Based on my results with these three "colossal critter" films, maybe I'll stick with those of that have a "vs." in the title from now on.  It's not that these combative films are all that much better than the subcombative ones, but the former show a greater propensity toward the absurd.

I started off my mini-marathon of gobbling gargantuas with SUPERGATOR, one of the two reptilian marauders who would be cage-fighting one another three years later.  The other one, DINOCROC, I did not get the chance to screen, but since it came out three years earlier, possibly it set the pattern for this spate of films associated with Roger Corman's production company (or companies, as the case may be).

The design of the big gator, apparently brought into being by a nasty company trying to weaponize growth hormones, is quite underwhelming.  The best the CGI guys could do, as shown above, was to stick stegosaurus-like spikes on the creature's back.  As is often the case in these flicks, two separate teams of professionals must converge in order to join their resources and kill the big beast: in this case, the biogeneticist who created the monster and a vulcanologist investigating a possibly live Hawaiian volcano.  The lead actors, Kelly McGillis and Brad "Ned Blessing" Johnson, acquit themselves with this tedium a little better than some of their fellow thespians have. The additional threat of the volcano is a nice touch but it doesn't really dispel the general tedium.  As with most Corman flicks there are some cute but vacuous bimbos tossed into the mix.

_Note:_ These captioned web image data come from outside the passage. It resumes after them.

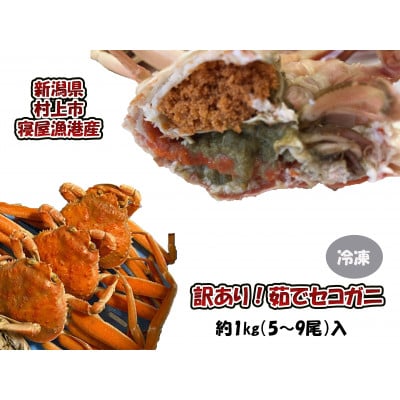 【数量・期間限定】【訳あり】新潟県村上市寝屋漁港産　セコガニ 約1kg(5～9尾入)C4088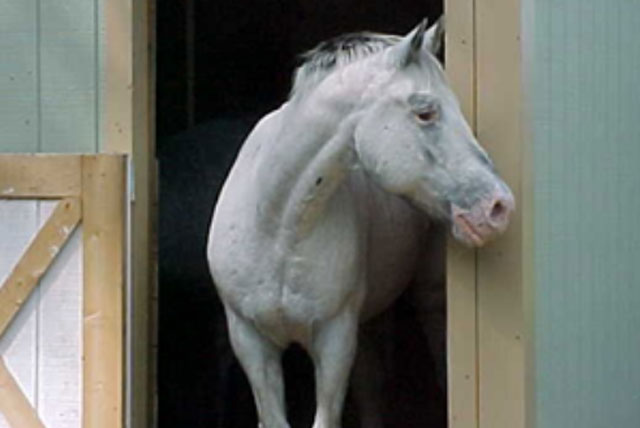 Slamming the door before the horse bolts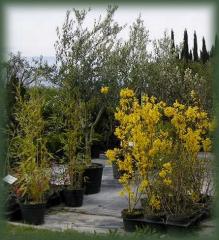 pepinieres boisseron|445-487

DINOCROC VS. SUPERGATOR has a small advantage over SUPERGATOR in that it's directed and co-written by Jim Wynorski.  Wynorski will never be anything but a junk-film director, but in general I've found that he does try to keep his goofy trash scenarios lively.  To be sure, Wynorksi follows closely in the footsteps of Roger Corman by injecting as much bimbo-flesh as he possibly can, but unlike the director of SUPERGATOR, Wynorski seems to choose a better breed of bimbo.
He also throws in a couple of references to Cormanological film-history, as when the bimbo-gamewarden's boat is named "Wild Angel" and a tour-guide shows tourists where "She Gods of Shark Reef" was made.

While SUPERGATOR stuck pretty close to the template, D VS. S at least tosses in other familiar tropes: David Carradine as the evil mogul whose company creates the two beasts (guess neither one is supposed to be a "dino" anymore), a karate-chopping mercenary lady, a "ragin' Cajun" crocodile hunter who tells the audience that "crocodiles and alligators are natural enemies," and a field of giant mushrooms.  Oh, and the bimbo-gamewarden runs around in hot pants. 

The almost inevitable disappointment is that in all of these "vs." films, the creature-battles last only three minutes at most, so they're always perfunctory affairs.  Since the "dinocroc" for some reason is able to run around on its hind legs like a T-Rex, the poor supergator seems outmatched from the start.  Bad form, Wynorski!

Then it's back to pure tedium with DINOSHARK.  Director Kevin O'Neill has a long resume as a visual effects man on some above-average fantasy-films, as well as some which, like the yet-unscreened-by-me DINOCROC, are probably no better than they have to be.  DINOCROC was the  first of O'Neill's four director-credits, but DINOSHARK doesn't engender in me any fierce desire to see his other efforts.  Most of the time the viewer doesn't even get much of a look at the malefic monster, so it's not even on a par with the supergator in that regard.

The attempts of the humans to track down the "dinosaur-shark" are dull, dull, dull, and the beast's attacks are not much better.  Only at the very end does the female lead get the best line, one which sums up the real appeal of these "nature's revenge" flicks, as she blows away the monster shark:

"Welcome to the Endangered Species list, you bastard!"